▶ [Exercise instructions]:
Images are not part of the copy; transcribe all the data exactly.

(Short web captions)
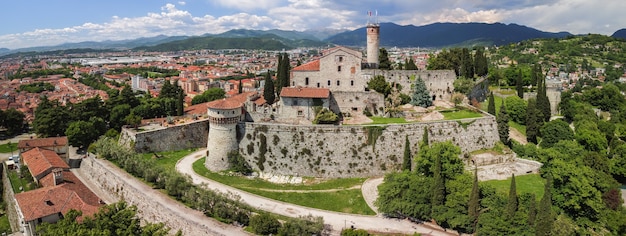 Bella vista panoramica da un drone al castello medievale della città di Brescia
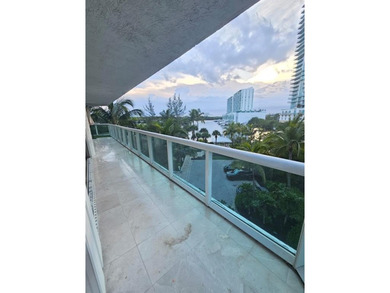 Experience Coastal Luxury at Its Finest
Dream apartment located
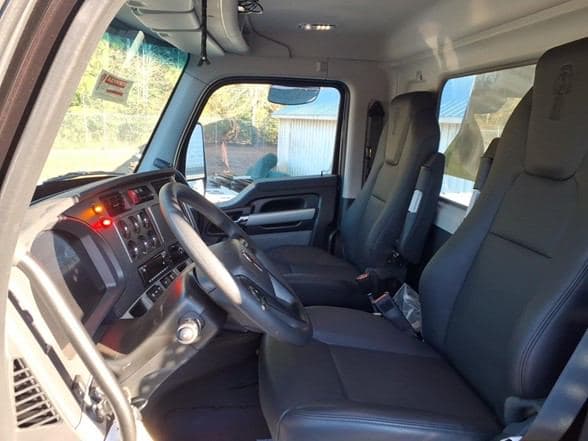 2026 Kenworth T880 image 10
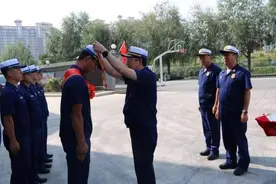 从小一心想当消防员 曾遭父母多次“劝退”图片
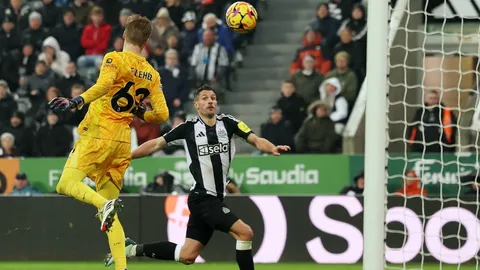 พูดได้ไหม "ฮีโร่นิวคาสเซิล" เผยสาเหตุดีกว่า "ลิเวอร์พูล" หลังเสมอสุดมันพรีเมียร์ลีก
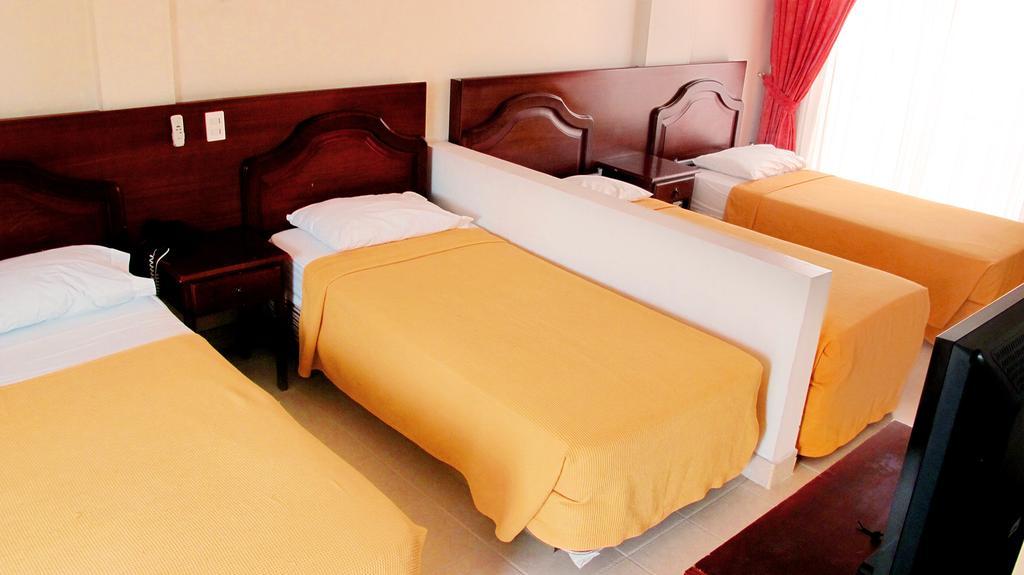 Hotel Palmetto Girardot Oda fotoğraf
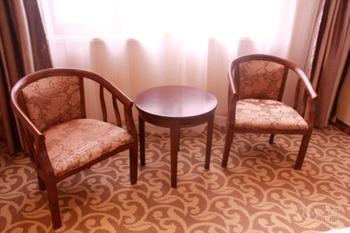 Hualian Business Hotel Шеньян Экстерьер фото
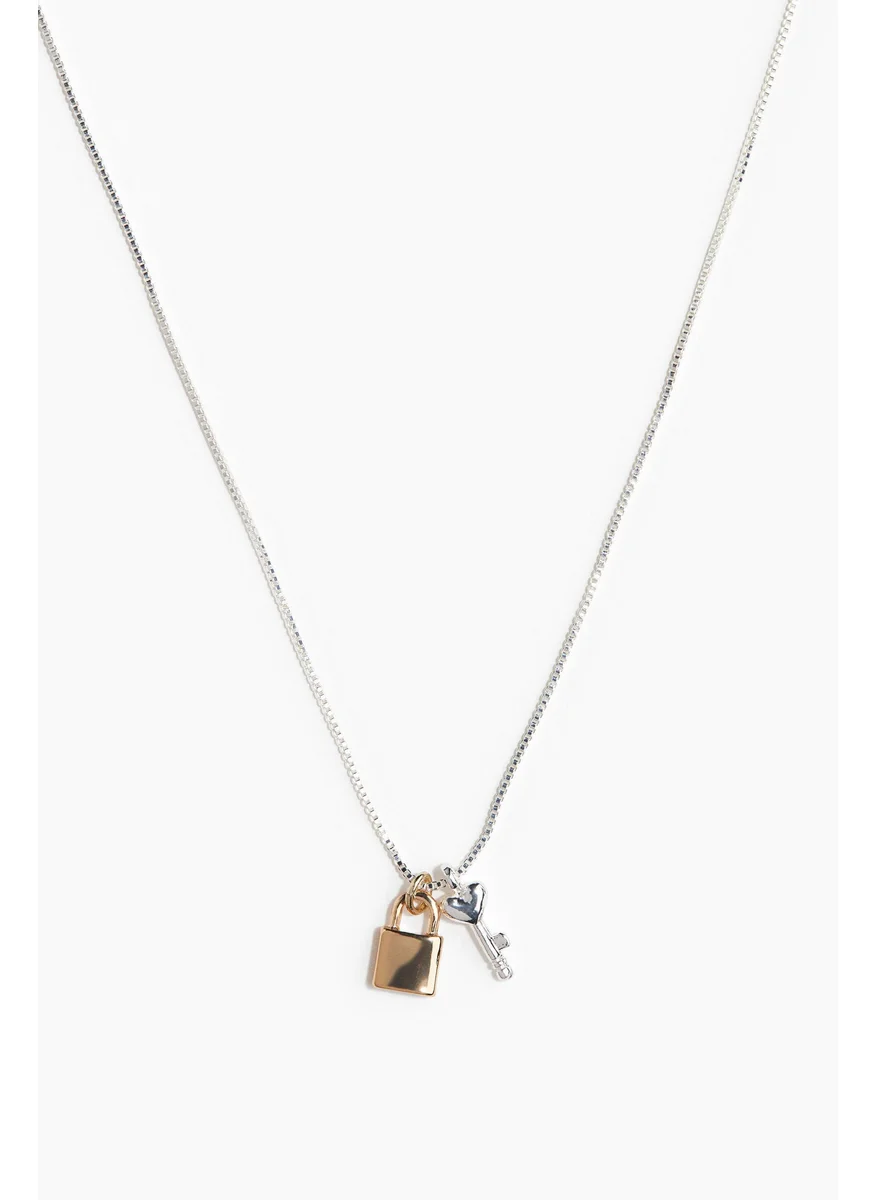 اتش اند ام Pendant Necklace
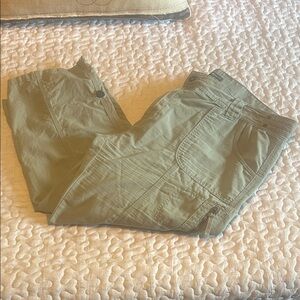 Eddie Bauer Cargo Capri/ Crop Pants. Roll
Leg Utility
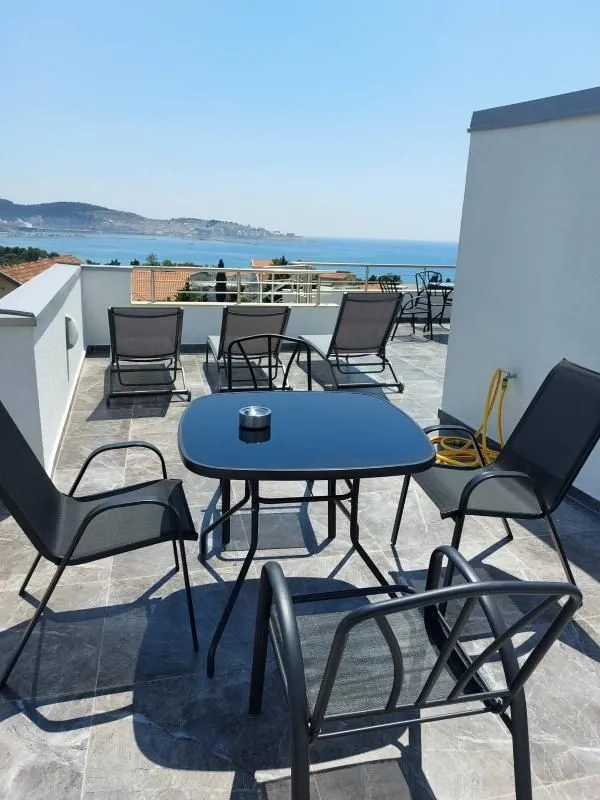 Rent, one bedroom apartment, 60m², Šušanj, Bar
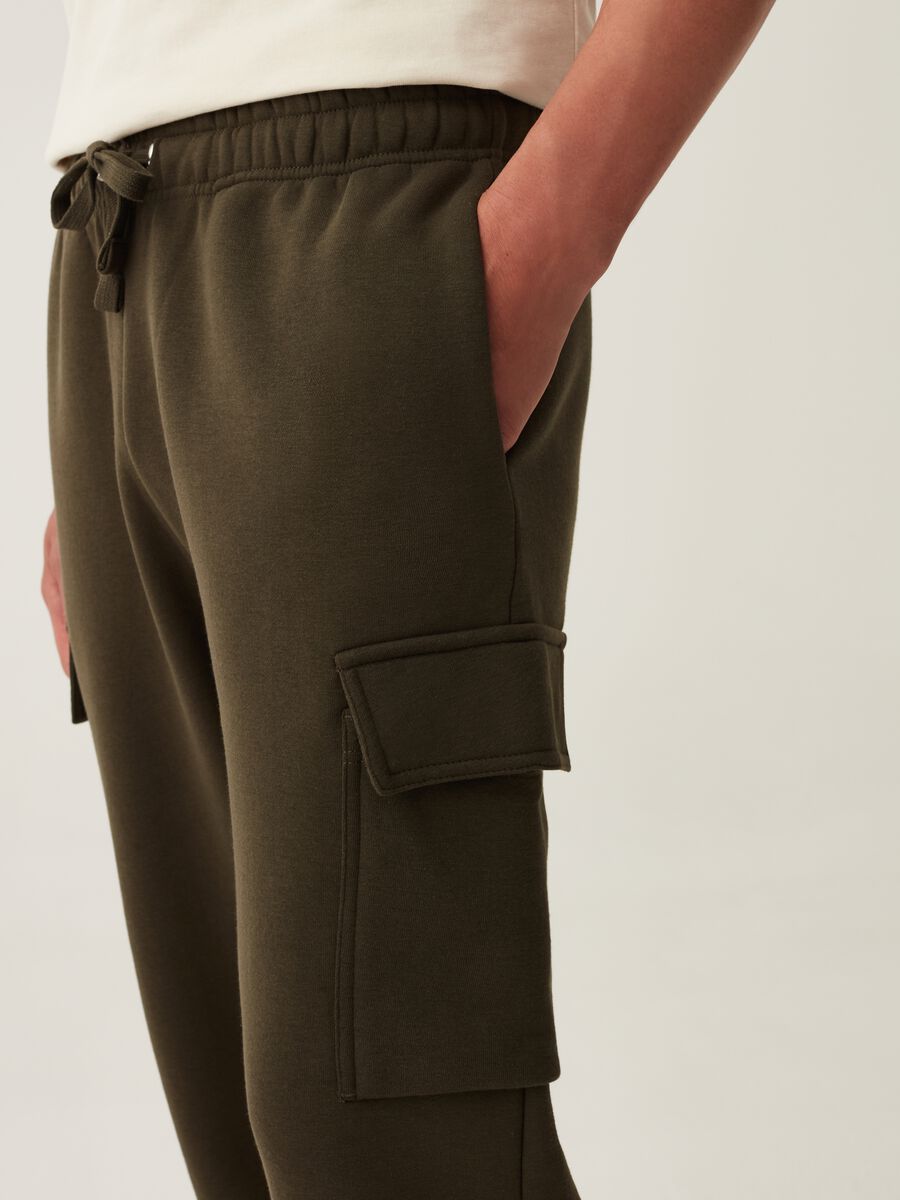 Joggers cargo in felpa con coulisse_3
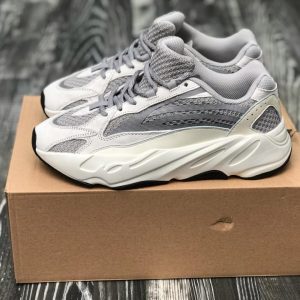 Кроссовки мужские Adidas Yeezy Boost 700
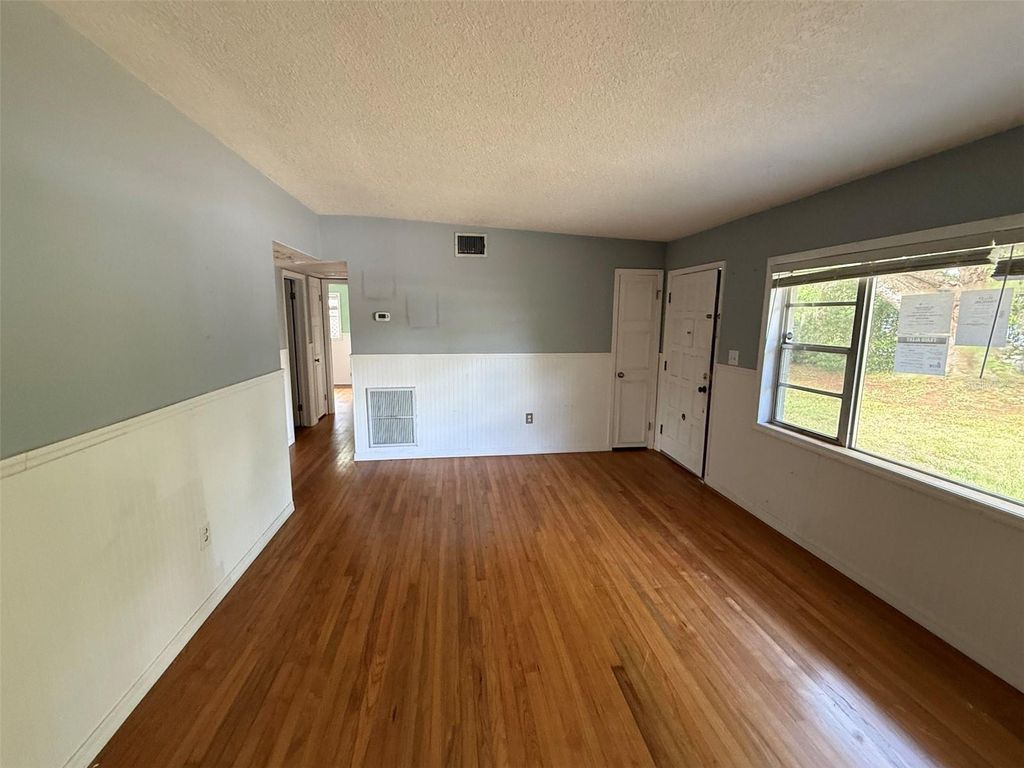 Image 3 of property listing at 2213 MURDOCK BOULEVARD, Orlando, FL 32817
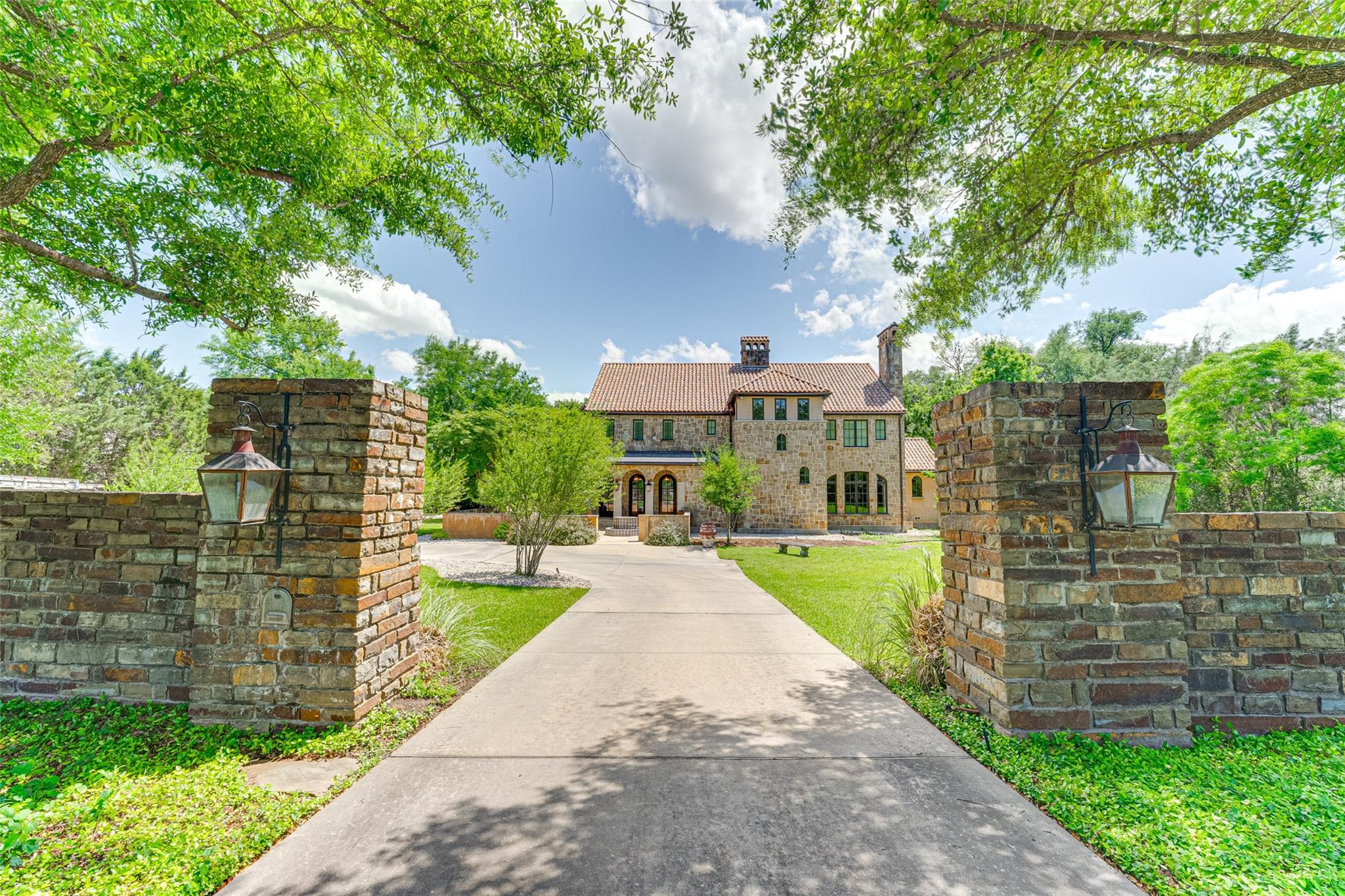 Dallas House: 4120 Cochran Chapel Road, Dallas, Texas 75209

▶ [Response to the exercise]:
 Bella vista panoramica da un drone al castello medievale della città di Brescia
 Experience Coastal Luxury at Its Finest
Dream apartment located
 2026 Kenworth T880 image 10
 从小一心想当消防员 曾遭父母多次“劝退”图片
 พูดได้ไหม "ฮีโร่นิวคาสเซิล" เผยสาเหตุดีกว่า "ลิเวอร์พูล" หลังเสมอสุดมันพรีเมียร์ลีก
 Hotel Palmetto Girardot Oda fotoğraf
 Hualian Business Hotel Шеньян Экстерьер фото
 اتش اند ام Pendant Necklace
 Eddie Bauer Cargo Capri/ Crop Pants. Roll
Leg Utility
 Rent, one bedroom apartment, 60m², Šušanj, Bar
 Joggers cargo in felpa con coulisse_3
 Кроссовки мужские Adidas Yeezy Boost 700
 Image 3 of property listing at 2213 MURDOCK BOULEVARD, Orlando, FL 32817
 Dallas House: 4120 Cochran Chapel Road, Dallas, Texas 75209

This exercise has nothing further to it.